Barrels of Liquid Per Day (BLPD): Total Fluid Rate, Water Cut, and Facility Design
Barrels of liquid per day, abbreviated BLPD, is the standard production rate measurement expressing the total volume of all liquids produced from a well, a group of wells, or an entire field over a 24-hour calendar day. Unlike barrels of oil per day (BOPD), which counts only crude oil and condensate, BLPD captures every liquid stream passing through the surface separation equipment: crude oil, condensate, natural gas liquids if they condense at surface conditions, and co-produced formation water. One barrel equals 42 US gallons, approximately 158.987 litres, measured at standard conditions of 60 degrees Fahrenheit (15.56 degrees Celsius) and 14.696 psia. The BLPD metric is essential for sizing and operating surface facilities because pumps, separators, treaters, pipelines, and disposal systems must handle the total fluid volume regardless of the economic value of its components; a pump that handles 500 BLPD of 80% water cut fluid must move the full 500 barrels even though only 100 BOPD of oil is the saleable commodity.

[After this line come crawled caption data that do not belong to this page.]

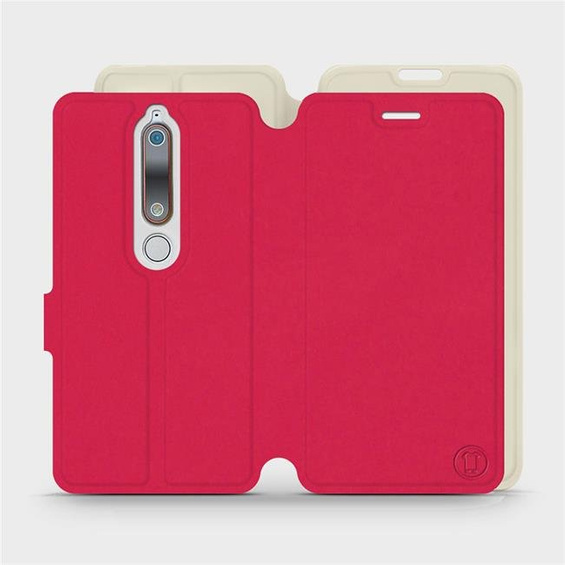 Hülle für Nokia 6.1 - Farbe Rot mit Platin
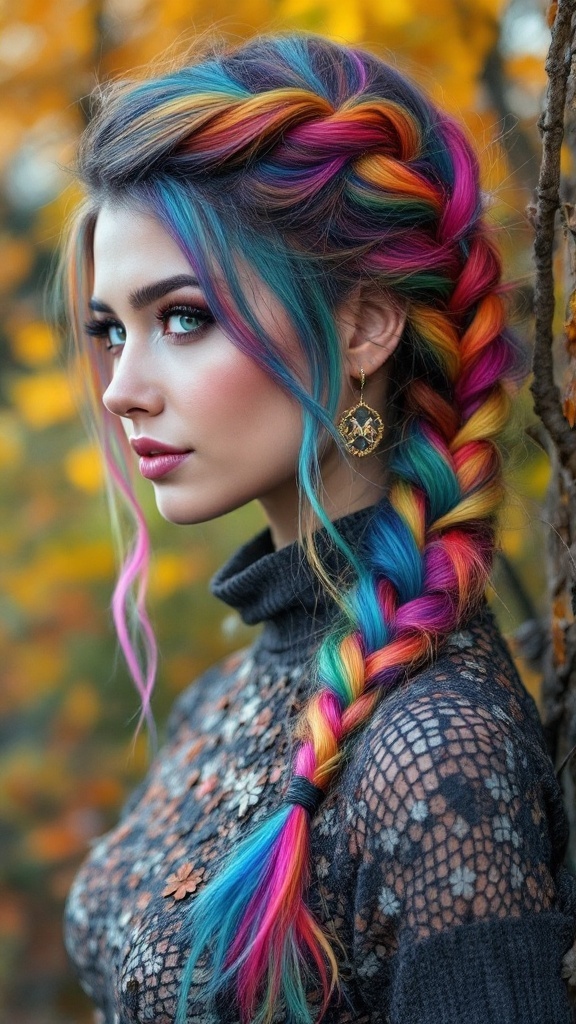 A side braid featuring colorful highlights, showcasing vibrant hues against a blurred autumn background.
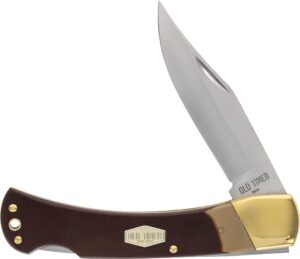 old timer 6ot golden bear traditional lockback pocket knife with 3.9in high carbon stainless steel clip point blade, sawcut handle, and lanyard hole for hunting, whittling, camping, edc, and outdoors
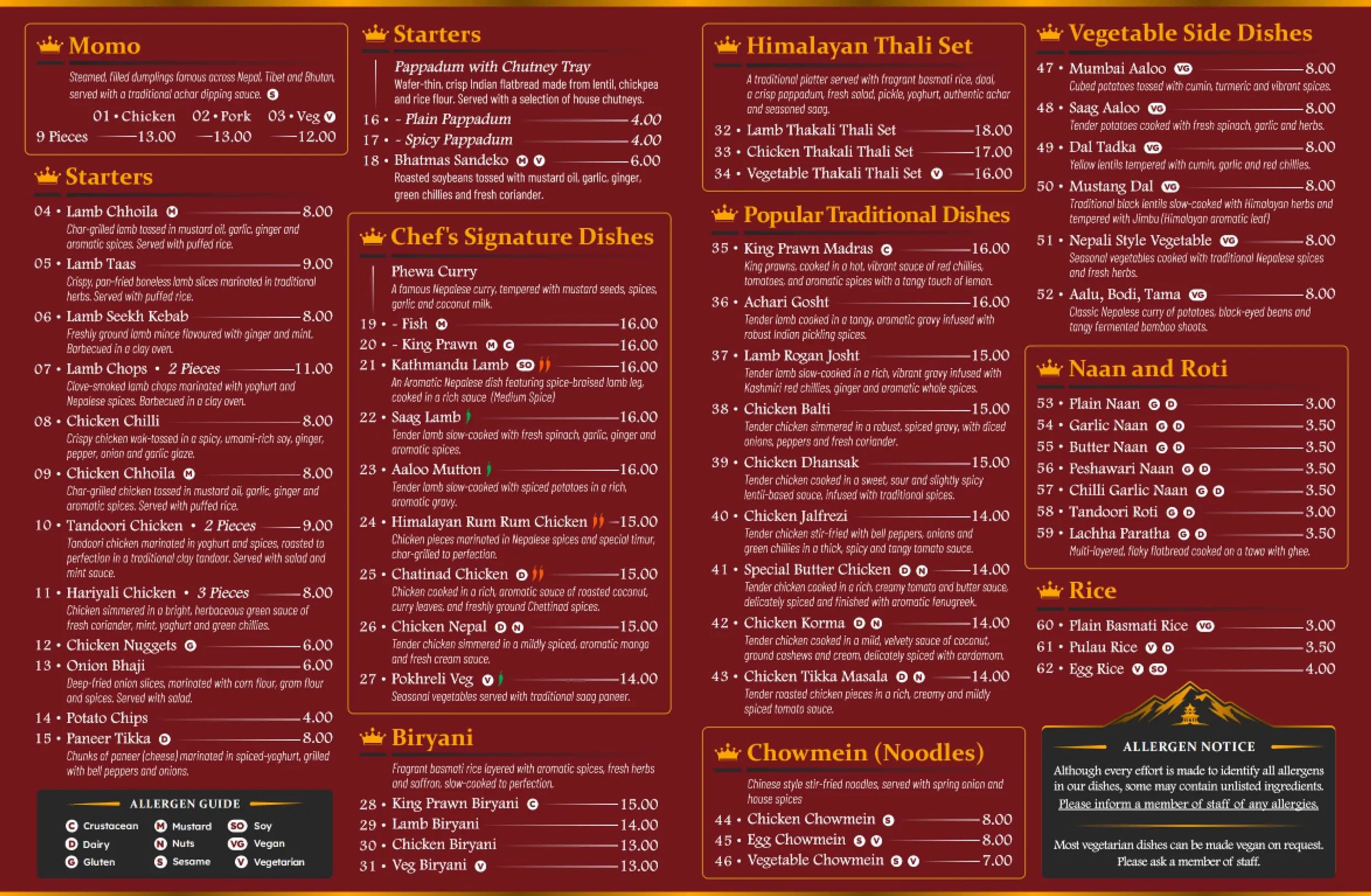Himalayan Kitchen menu, page 1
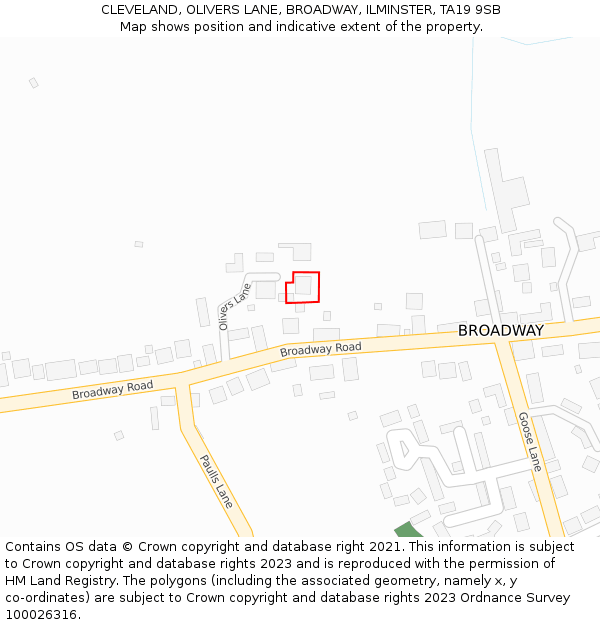 CLEVELAND, OLIVERS LANE, BROADWAY, ILMINSTER, TA19 9SB: Location map and indicative extent of plot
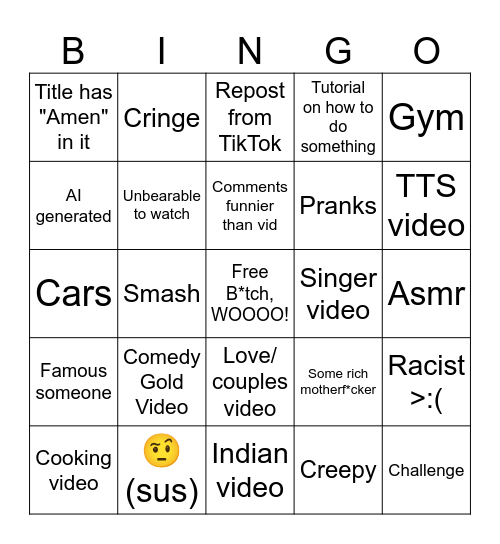 Instagram reel bingo Card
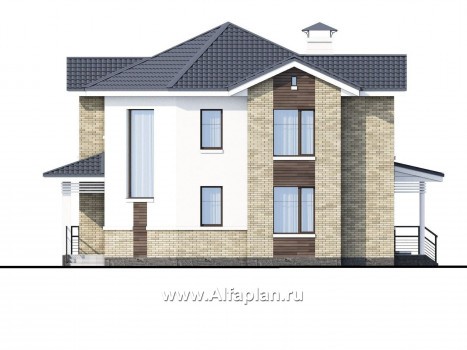 Проекты домов Альфаплан - NotaBene - компактный проект с оригинальным планом - превью фасада №2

The relationship between BLPD, BOPD, and BWPD (barrels of water per day) is expressed through the water cut, defined as the fractional or percentage water content of the total liquid stream: water cut = BWPD / BLPD. A well producing 400 BOPD and 100 BWPD has a BLPD of 500 and a water cut of 20%. As a well matures and reservoir aquifer encroachment or injected water breakthrough occurs, the water cut rises while the total fluid productivity of the reservoir (BLPD at a given drawdown pressure) may remain relatively stable as water replaces oil in the pore space. The water cut rising from 10% to 85% over the life of an Athabasca heavy oil well or a Cardium waterflood producer is a primary production engineering indicator of reservoir performance and the timing of well abandonment: when the operating cost of handling the total fluid volume (pumping, separation, water disposal, chemical treatment) exceeds the revenue from the declining oil fraction, the well approaches its economic limit regardless of whether it still has positive BLPD.
Key Takeaways
- BLPD as a facility design parameter: BLPD determines the physical sizing of all surface production facilities: separators, treaters, heater-treaters, pumps, and produced water disposal systems must be rated for the peak BLPD expected over the producing life of the field, not just the initial BOPD at first production. In a WCSB waterflood project in the Pembina Cardium where the water cut rises from 5% at first injection response to 90% at waterflood maturity, the BLPD may actually increase above the primary production level as injected water sweeps oil to the producing wells and total reservoir productivity rises temporarily before declining. A facility designed only for the initial BOPD of 3,000 and a 20% water cut assumption would be severely undersized if the eventual BLPD reaches 15,000 at 80% water cut, requiring either a costly facility expansion or a curtailment of production below optimal reservoir performance. Waterflood facility designs therefore specify BLPD capacity based on the forecast water cut rise curve over 20 to 30 years of project life, typically sizing for the peak BLPD occurring at an intermediate stage of the flood development.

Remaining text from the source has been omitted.